Нет больше такого времени и места, где их жизни могут пересекаться. У сироты,
заложницы системы интернатов «глупенькой» Кати и домашнего мальчика Димы,
прикованного к коляске.
Они родились такими на свет. Но доступа к нему им не дали.
Дом в апреле
«КО-РО-ЛЁ-ВА Е-ка-те-ри-на Вя-че-сла-вов-на» — старательно выводит Катя
в тетрадке в клеточку, стиснув шариковую ручку, как будто она вот-вот убежит.
Дима тянет шею, чтобы заглянуть на страничку, и судорога улыбки переворачивает
его лицо. Он видит, что всё без ошибок, и от счастья начинает хлопать в ладоши.
В палате не раздаётся ни звука.
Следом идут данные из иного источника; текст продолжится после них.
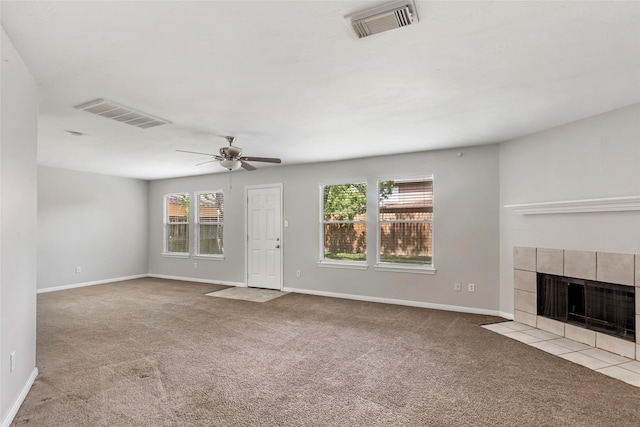 unfurnished living room featuring ceiling fan, light carpet, a tile fireplace, and a wealth of natural light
Ладони попадают мимо друг друга.
«А ещё я могу «Дима» написать!» — говорит Катя, и Дима молча расплывается
в улыбке. На его груди неснимаемо болтается на тёмном шнурке поживший мобильный
телефон. Как униформа. Дими-на возможность «разговаривать», не открывая рта, его
шанс быть услышанным. Он шлёт мне ликующую эсэмэ-ску: «Это я научил Катю
буквам!» Аппарат скачет в его дрожащих руках, как скользкая рыба.
Одна Катя Королёва понимает Диму прямо так, на слух. Без всяких телефонов.
Хотя она и не умеет читать эсэмэски. И вообще читает с трудом. Благодаря Диме
недавно только узнала, сколько часов и минут показывают стрелки на циферблате.
Что такое электричество. Зачем нужны деньги. Что обозначают печати в паспорте
и какие бывают названия стран. У неё ДЦП, и в свои 28 она всё ещё как в первом
классе.
У Димы тоже ДЦП. Но он почти что профессор. Он без единой ошибки (только если
когда дрогнет рука) зимними вечерами пишет на своём ноутбуке книгу про их с
Катей любовь: «Я полюбил Катю с первого взгляда, когда она подняла слетевшую
с меня шапку и надела её мне обратно…» В палате реабилитационного центра, где
они познакомились четыре весны назад, он весь апрель учит её названиям городов,
играет в магазин и рассказывает про метро, в котором сам никогда не был,
но много читал в Интернете.
И я понятия не имею, как ему это удаётся.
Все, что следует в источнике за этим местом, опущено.